TASK BRIEF:
Skip the pictures. Give all the data again exactly.

PROVIDED MATERIAL:
---
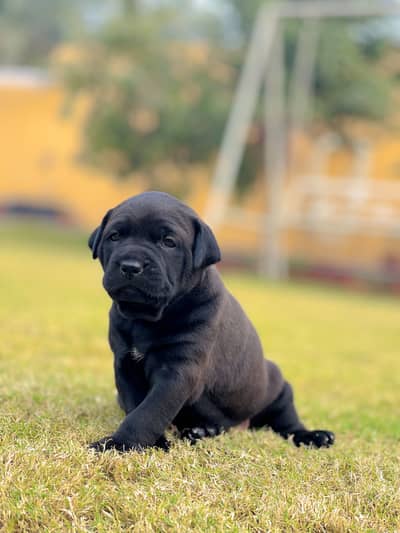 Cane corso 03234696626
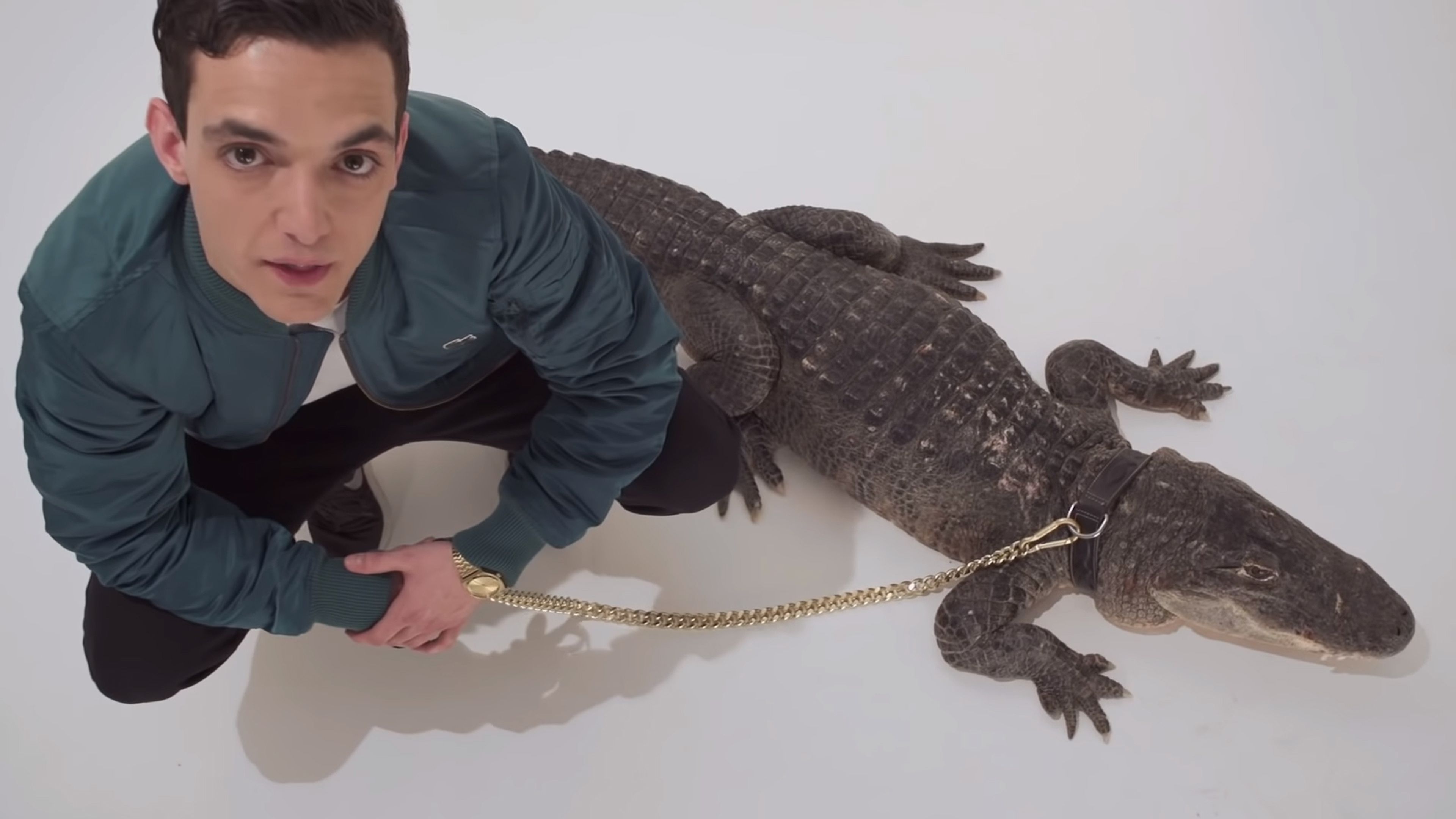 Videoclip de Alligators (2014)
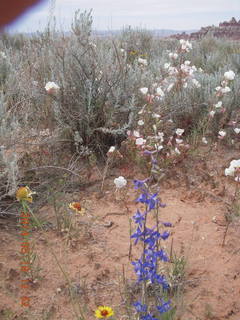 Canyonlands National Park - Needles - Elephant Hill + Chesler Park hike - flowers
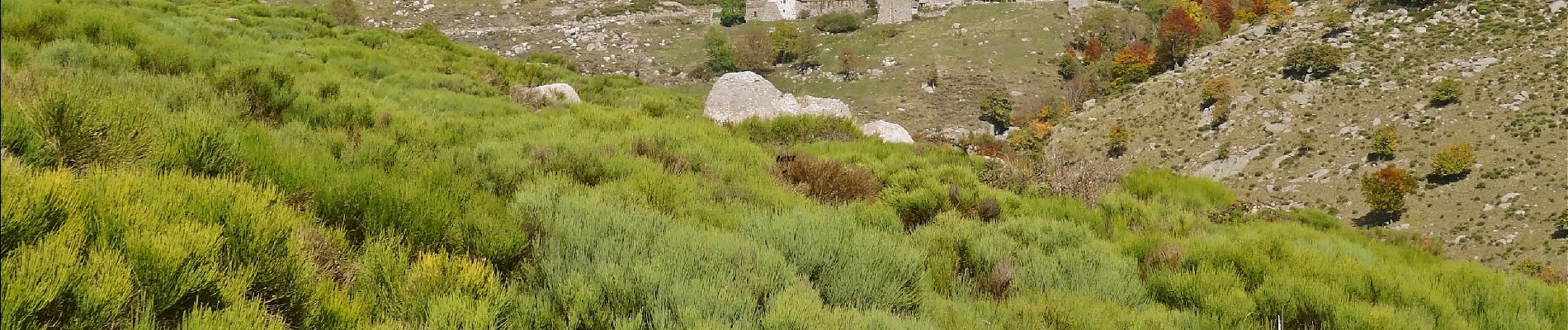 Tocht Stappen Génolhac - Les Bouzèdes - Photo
---
TASK RESPONSE:
 Cane corso 03234696626
 Videoclip de Alligators (2014)
 Canyonlands National Park - Needles - Elephant Hill + Chesler Park hike - flowers
 Tocht Stappen Génolhac - Les Bouzèdes - Photo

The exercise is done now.